Stored items
= Beginning of Section =

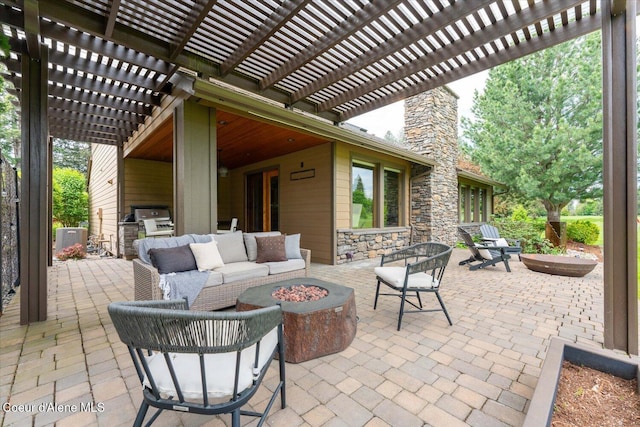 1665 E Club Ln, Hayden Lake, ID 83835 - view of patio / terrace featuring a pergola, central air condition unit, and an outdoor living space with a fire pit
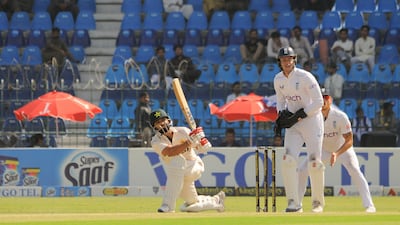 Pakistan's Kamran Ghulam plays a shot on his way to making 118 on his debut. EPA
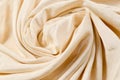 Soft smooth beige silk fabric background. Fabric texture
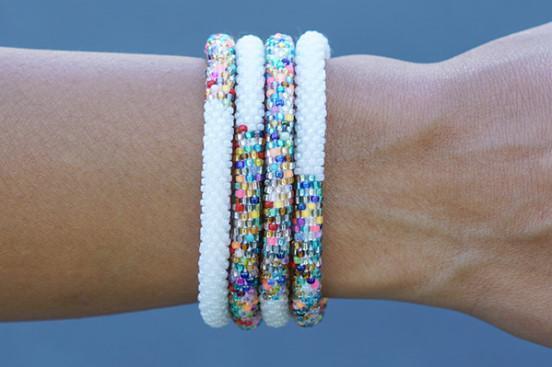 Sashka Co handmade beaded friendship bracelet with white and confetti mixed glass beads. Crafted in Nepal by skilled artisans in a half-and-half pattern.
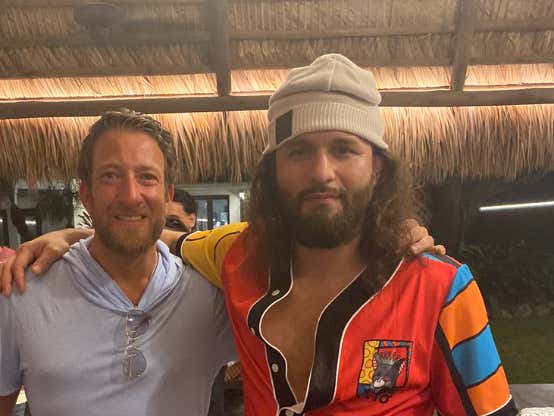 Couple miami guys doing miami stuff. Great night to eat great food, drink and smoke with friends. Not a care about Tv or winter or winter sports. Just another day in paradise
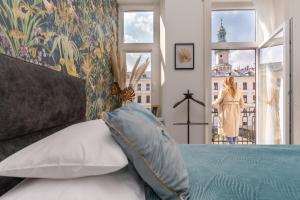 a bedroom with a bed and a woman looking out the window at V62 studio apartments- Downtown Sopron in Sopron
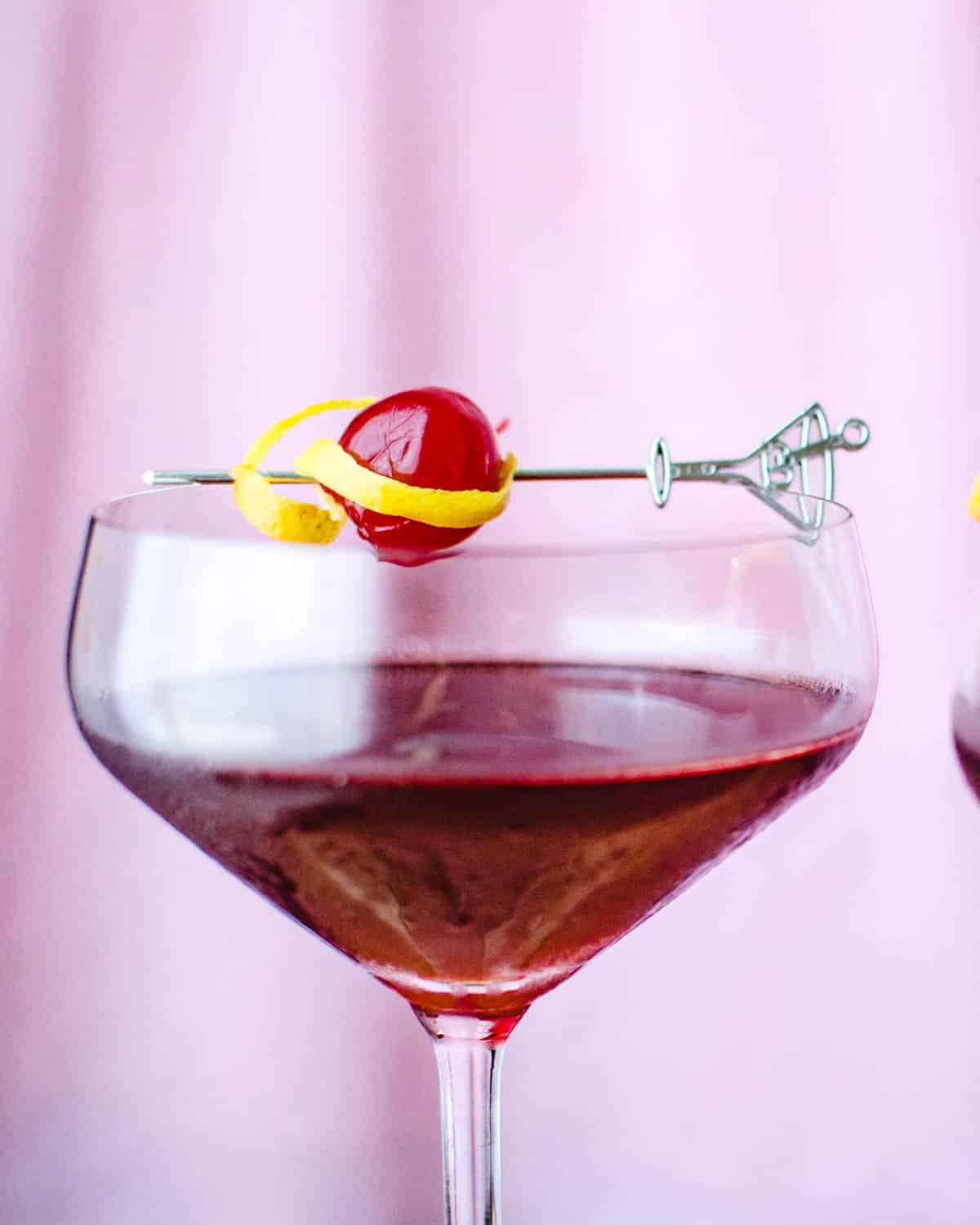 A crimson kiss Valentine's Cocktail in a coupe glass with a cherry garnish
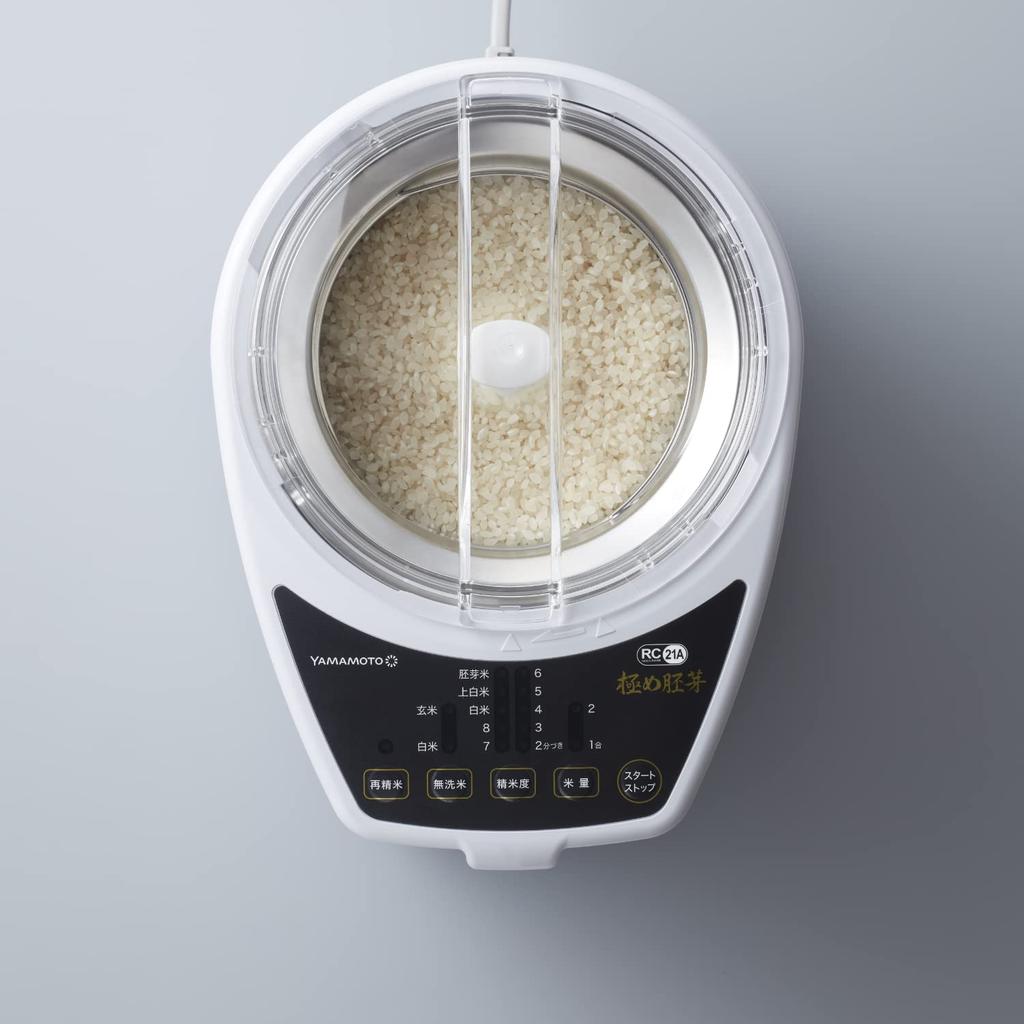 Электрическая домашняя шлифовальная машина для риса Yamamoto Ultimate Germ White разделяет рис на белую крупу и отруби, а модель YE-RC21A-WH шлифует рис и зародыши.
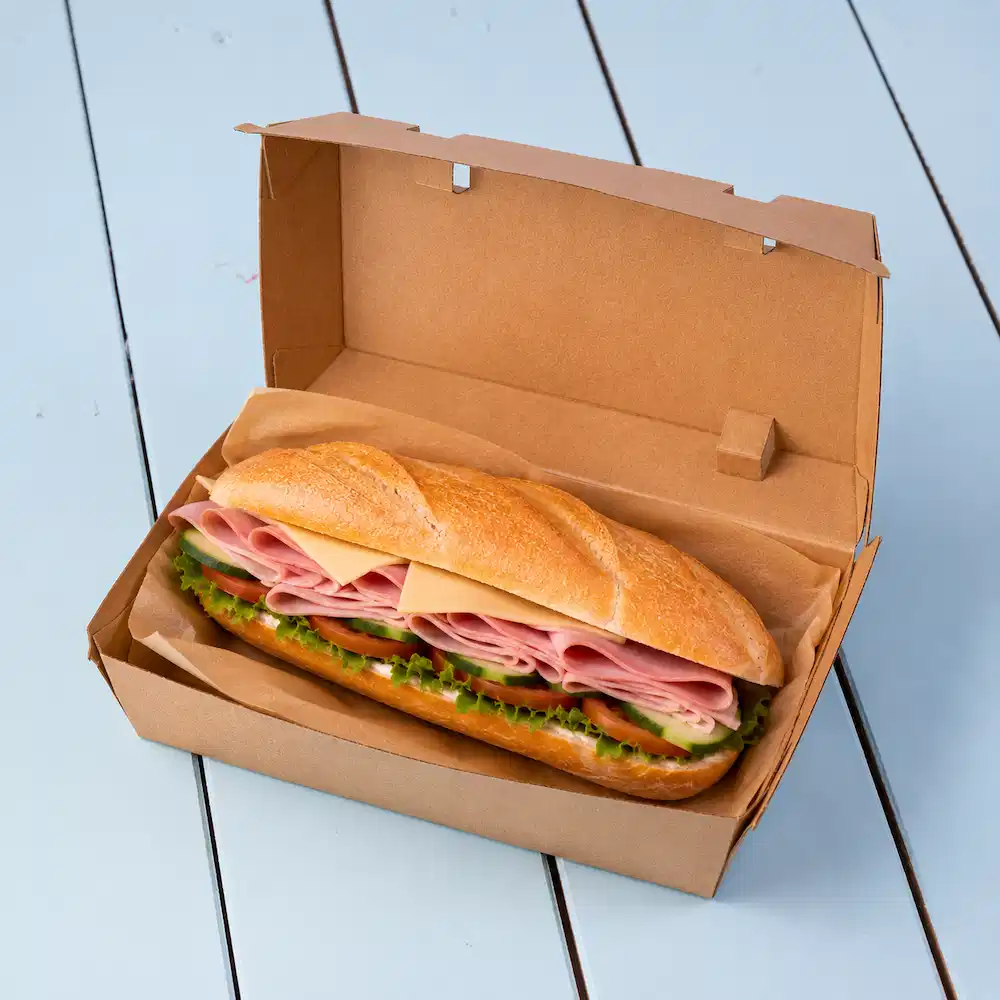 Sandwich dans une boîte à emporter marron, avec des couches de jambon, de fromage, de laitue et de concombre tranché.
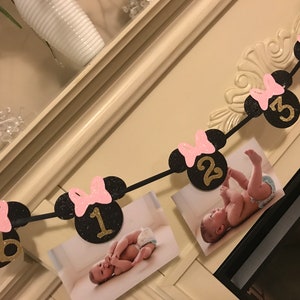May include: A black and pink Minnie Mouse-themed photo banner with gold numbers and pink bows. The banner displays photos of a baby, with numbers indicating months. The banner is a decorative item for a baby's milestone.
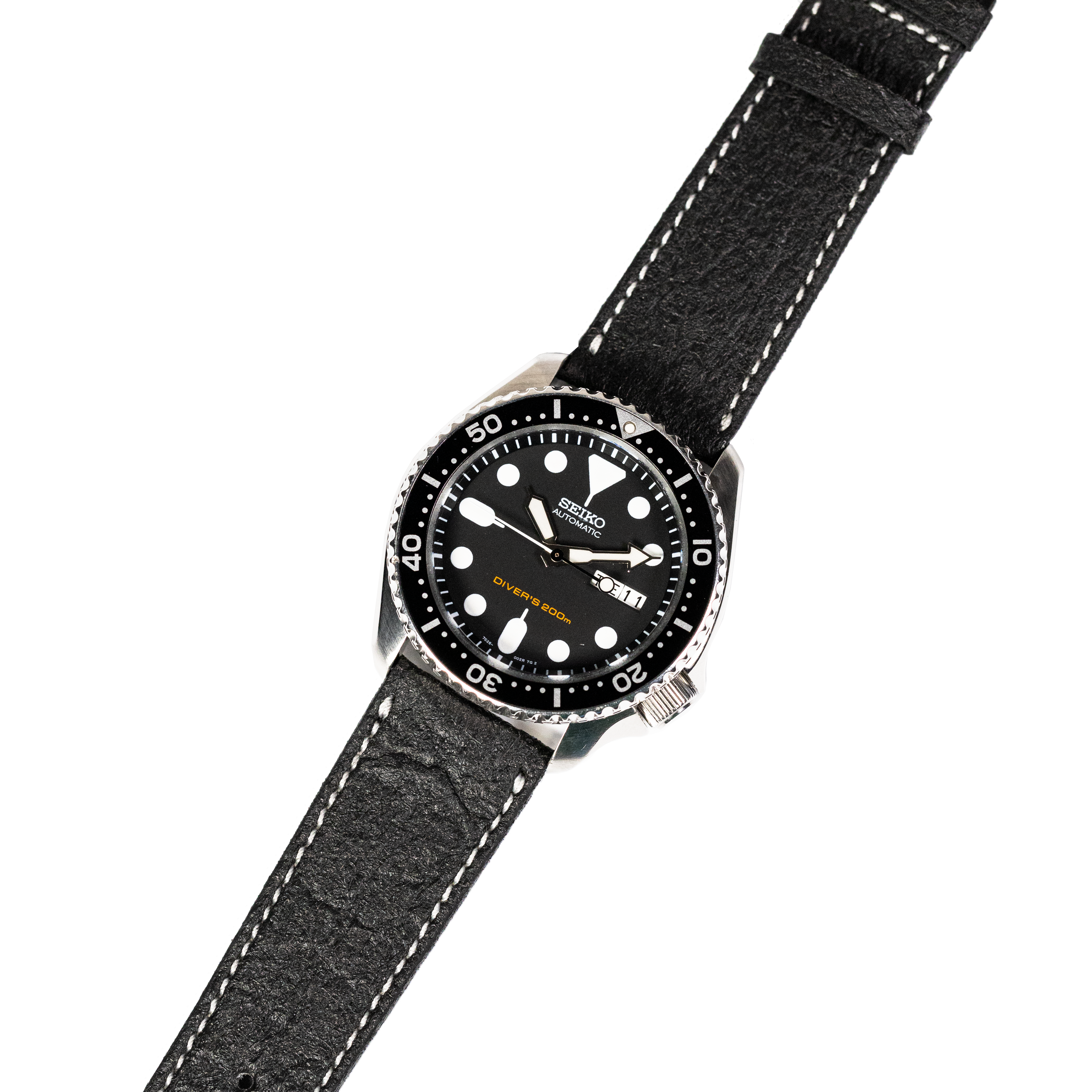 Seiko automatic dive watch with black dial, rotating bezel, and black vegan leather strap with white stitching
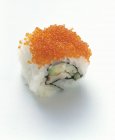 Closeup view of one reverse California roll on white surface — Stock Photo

= End of Section =

=== TASK STATEMENT ===
Every line above from the one with "A crimson kiss" down to the one with "Seiko automatic dive" must be written out exactly, and no picture may appear.

=== YOUR RESPONSE ===
 A crimson kiss Valentine's Cocktail in a coupe glass with a cherry garnish
 Электрическая домашняя шлифовальная машина для риса Yamamoto Ultimate Germ White разделяет рис на белую крупу и отруби, а модель YE-RC21A-WH шлифует рис и зародыши.
 Sandwich dans une boîte à emporter marron, avec des couches de jambon, de fromage, de laitue et de concombre tranché.
May include: A black and pink Minnie Mouse-themed photo banner with gold numbers and pink bows. The banner displays photos of a baby, with numbers indicating months. The banner is a decorative item for a baby's milestone.
 Seiko automatic dive watch with black dial, rotating bezel, and black vegan leather strap with white stitching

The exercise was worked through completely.